Internet-Draft MUD-Quaranatine November 2020
Richardson & Latour Expires 6 May 2021 [Page]
Workgroup:
RIPE IoT Working Group
Internet-Draft:
draft-richardson-shg-un-quarantine-03
Published:
Intended Status:
Best Current Practice
Expires:
Authors:
M. Richardson
Sandelman Software Works
J. Latour
CIRA Labs

A standard process to quarantine and restore IoT Devices

Abstract

The Manufacturer Usage Description (MUD) is a tool to describe the limited access that a single function device such as an Internet of Things device might need. The enforcement of the access control lists described protects the device from attacks from the Internet, and protects the Internets from compromised devices.

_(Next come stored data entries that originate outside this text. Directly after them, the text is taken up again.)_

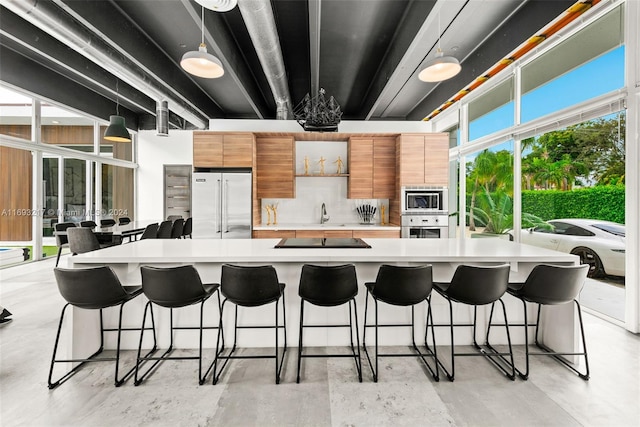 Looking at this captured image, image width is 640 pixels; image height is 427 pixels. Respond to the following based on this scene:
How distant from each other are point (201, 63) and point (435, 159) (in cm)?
386

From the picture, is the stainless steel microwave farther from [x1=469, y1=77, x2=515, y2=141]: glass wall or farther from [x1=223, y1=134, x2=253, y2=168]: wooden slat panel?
A: [x1=223, y1=134, x2=253, y2=168]: wooden slat panel

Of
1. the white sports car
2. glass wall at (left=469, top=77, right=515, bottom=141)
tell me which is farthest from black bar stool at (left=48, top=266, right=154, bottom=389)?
glass wall at (left=469, top=77, right=515, bottom=141)

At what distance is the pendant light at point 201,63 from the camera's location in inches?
106

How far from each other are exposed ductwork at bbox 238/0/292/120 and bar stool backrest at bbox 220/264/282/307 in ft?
8.43

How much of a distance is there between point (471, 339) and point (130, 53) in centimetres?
536

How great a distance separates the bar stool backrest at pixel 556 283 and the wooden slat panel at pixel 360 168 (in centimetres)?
329

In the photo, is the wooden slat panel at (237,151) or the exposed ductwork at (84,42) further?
the wooden slat panel at (237,151)

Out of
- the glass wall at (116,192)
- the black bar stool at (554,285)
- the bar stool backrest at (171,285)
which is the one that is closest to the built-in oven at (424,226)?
the black bar stool at (554,285)

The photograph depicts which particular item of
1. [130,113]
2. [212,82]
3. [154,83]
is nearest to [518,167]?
[212,82]

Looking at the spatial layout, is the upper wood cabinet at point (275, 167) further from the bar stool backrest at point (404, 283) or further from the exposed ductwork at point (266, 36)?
the bar stool backrest at point (404, 283)

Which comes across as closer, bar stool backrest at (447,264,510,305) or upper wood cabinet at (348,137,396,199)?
bar stool backrest at (447,264,510,305)

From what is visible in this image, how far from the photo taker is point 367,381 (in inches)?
85.0

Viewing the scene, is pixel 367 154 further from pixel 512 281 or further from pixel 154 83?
pixel 154 83

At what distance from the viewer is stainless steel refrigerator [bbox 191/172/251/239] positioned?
4855mm
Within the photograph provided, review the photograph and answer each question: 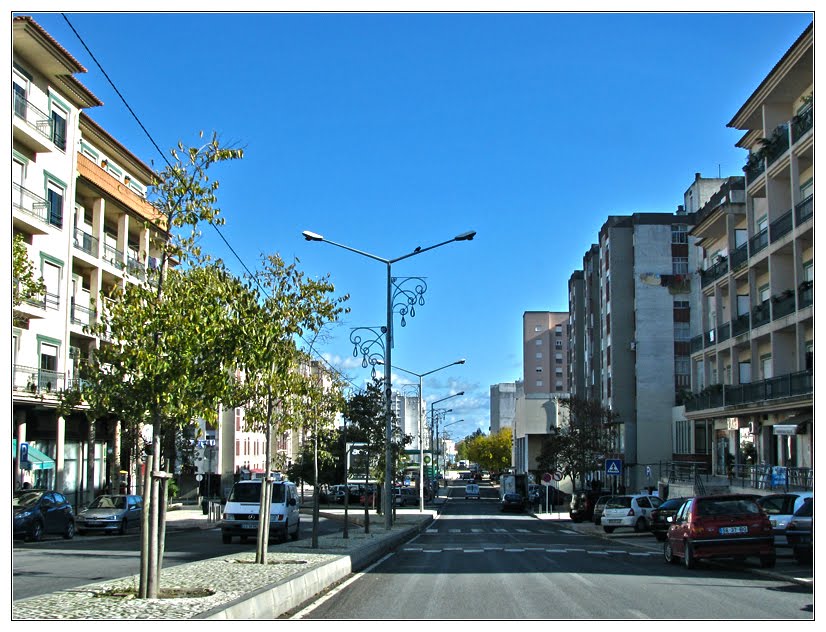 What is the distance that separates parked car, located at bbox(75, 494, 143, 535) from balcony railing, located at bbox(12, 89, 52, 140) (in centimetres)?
1472

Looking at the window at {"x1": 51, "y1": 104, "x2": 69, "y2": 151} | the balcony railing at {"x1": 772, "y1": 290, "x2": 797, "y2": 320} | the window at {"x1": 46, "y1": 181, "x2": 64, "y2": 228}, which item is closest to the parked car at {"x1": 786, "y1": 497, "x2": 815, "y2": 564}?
the balcony railing at {"x1": 772, "y1": 290, "x2": 797, "y2": 320}

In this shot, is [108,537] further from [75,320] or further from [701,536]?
[701,536]

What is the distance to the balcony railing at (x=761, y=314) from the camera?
3843 centimetres

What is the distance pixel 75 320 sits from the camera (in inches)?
1633

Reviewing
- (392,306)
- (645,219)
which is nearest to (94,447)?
(392,306)

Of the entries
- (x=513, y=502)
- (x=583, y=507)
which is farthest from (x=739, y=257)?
(x=513, y=502)

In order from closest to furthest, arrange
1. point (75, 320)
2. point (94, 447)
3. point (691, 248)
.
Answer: point (75, 320) < point (94, 447) < point (691, 248)

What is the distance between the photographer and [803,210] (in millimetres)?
34500

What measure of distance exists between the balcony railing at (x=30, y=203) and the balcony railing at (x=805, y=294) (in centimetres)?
2915

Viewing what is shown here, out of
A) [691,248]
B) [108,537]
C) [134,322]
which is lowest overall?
[108,537]

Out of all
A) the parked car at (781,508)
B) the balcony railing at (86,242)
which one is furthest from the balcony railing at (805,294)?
the balcony railing at (86,242)

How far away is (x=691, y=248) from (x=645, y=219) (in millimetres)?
4156

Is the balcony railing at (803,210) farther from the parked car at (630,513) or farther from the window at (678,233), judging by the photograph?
the window at (678,233)

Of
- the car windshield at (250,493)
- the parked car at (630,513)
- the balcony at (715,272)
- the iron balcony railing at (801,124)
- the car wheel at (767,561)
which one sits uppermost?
the iron balcony railing at (801,124) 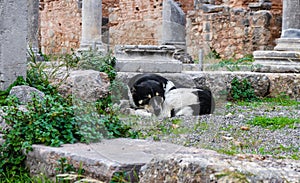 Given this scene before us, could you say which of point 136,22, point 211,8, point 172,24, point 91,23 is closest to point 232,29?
point 211,8

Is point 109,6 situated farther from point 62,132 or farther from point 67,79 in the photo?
point 62,132

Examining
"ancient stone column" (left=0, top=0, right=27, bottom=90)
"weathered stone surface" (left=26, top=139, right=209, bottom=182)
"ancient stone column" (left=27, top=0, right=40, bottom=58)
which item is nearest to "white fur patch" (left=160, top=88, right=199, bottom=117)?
"ancient stone column" (left=0, top=0, right=27, bottom=90)

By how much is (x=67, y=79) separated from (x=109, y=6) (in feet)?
43.2

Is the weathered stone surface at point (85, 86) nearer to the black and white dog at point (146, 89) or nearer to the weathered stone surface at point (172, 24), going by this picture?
the black and white dog at point (146, 89)

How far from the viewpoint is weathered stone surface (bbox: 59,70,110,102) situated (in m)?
5.79

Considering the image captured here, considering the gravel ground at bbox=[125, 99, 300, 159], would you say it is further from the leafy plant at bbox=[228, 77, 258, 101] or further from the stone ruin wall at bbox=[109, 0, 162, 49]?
the stone ruin wall at bbox=[109, 0, 162, 49]

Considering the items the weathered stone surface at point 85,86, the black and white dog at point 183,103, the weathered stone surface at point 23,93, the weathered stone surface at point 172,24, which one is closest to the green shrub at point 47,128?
the weathered stone surface at point 23,93

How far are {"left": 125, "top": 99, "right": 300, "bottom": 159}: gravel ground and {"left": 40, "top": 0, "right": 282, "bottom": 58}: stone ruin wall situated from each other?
727 centimetres

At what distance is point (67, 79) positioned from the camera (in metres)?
5.93

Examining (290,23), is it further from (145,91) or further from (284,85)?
(145,91)

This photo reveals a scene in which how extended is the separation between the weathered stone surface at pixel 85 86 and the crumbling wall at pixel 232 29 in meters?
8.41

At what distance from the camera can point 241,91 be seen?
790 cm

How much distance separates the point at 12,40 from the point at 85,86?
0.99m

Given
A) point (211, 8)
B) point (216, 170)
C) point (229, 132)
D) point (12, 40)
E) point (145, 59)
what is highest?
point (211, 8) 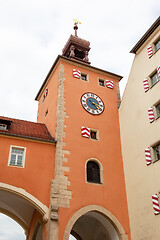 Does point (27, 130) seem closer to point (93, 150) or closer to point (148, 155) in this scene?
point (93, 150)

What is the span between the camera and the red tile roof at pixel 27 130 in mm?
15839

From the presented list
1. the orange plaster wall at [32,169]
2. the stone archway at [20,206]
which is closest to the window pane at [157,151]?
the orange plaster wall at [32,169]

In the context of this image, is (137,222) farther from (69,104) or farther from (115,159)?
(69,104)

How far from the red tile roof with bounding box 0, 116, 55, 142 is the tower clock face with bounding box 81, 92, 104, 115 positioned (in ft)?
9.18

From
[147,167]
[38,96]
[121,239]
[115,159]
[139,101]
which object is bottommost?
[121,239]

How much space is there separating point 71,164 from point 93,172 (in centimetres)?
140

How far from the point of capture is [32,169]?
14.9m

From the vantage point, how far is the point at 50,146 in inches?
630

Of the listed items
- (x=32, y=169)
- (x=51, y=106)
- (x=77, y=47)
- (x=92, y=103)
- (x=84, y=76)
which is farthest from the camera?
(x=77, y=47)

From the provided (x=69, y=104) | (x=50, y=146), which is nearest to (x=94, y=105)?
(x=69, y=104)

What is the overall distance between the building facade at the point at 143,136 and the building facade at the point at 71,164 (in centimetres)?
71

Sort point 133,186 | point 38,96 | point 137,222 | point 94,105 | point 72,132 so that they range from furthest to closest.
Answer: point 38,96 < point 94,105 < point 72,132 < point 133,186 < point 137,222

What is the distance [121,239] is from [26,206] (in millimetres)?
5288

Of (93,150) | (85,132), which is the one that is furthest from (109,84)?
(93,150)
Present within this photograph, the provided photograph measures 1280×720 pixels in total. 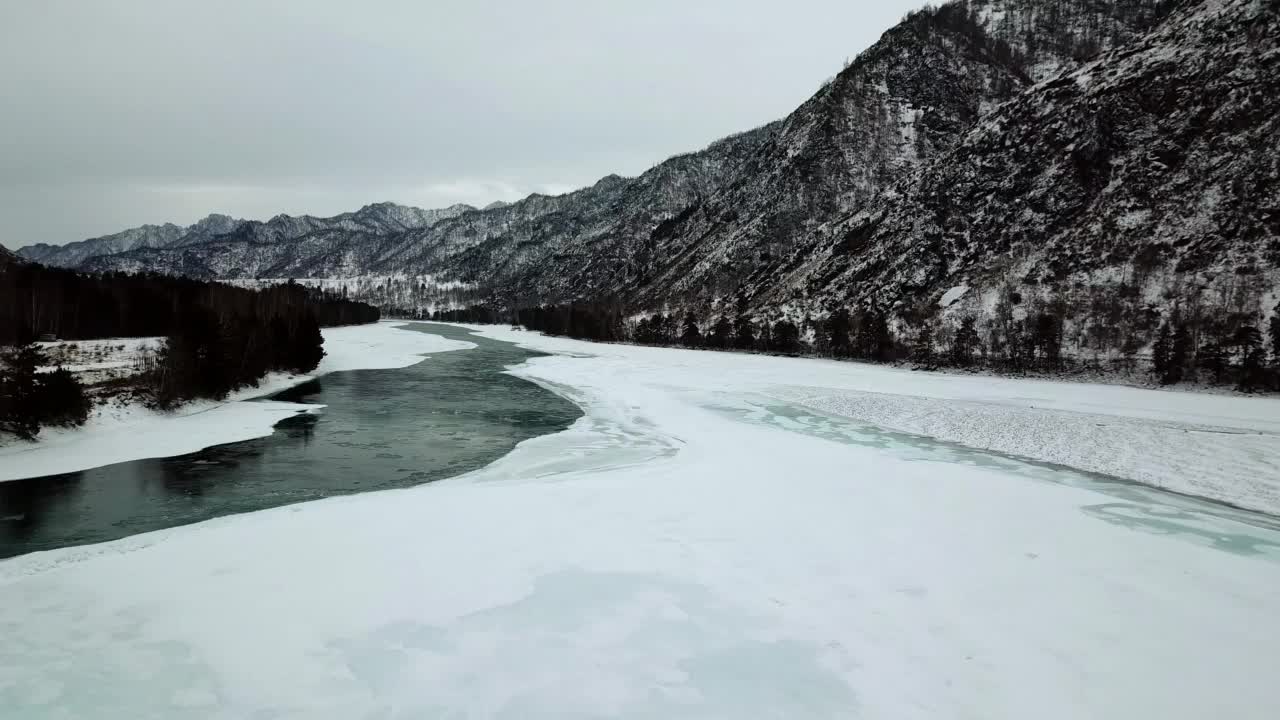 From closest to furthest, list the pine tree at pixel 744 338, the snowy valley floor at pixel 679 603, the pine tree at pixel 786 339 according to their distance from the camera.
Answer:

This document details a process which occurs when a device is detected to have violated the stated policy. The goal of these steps is to ensure that the device is correctly removed from operation, fixed, and if possible, restored to safe operation. This document does not define any new protocols, but provides context in which a number of existing protocols are to be used together.

Status of This Memo

This Internet-Draft is submitted in full conformance with the provisions of BCP 78 and BCP 79.

Internet-Drafts are working documents of the Internet Engineering Task Force (IETF). Note that other groups may also distribute working documents as Internet-Drafts. The list of current Internet-Drafts is at https://datatracker.ietf.org/drafts/current/.

Internet-Drafts are draft documents valid for a maximum of six months and may be updated, replaced, or obsoleted by other documents at any time. It is inappropriate to use Internet-Drafts as reference material or to cite them other than as "work in progress."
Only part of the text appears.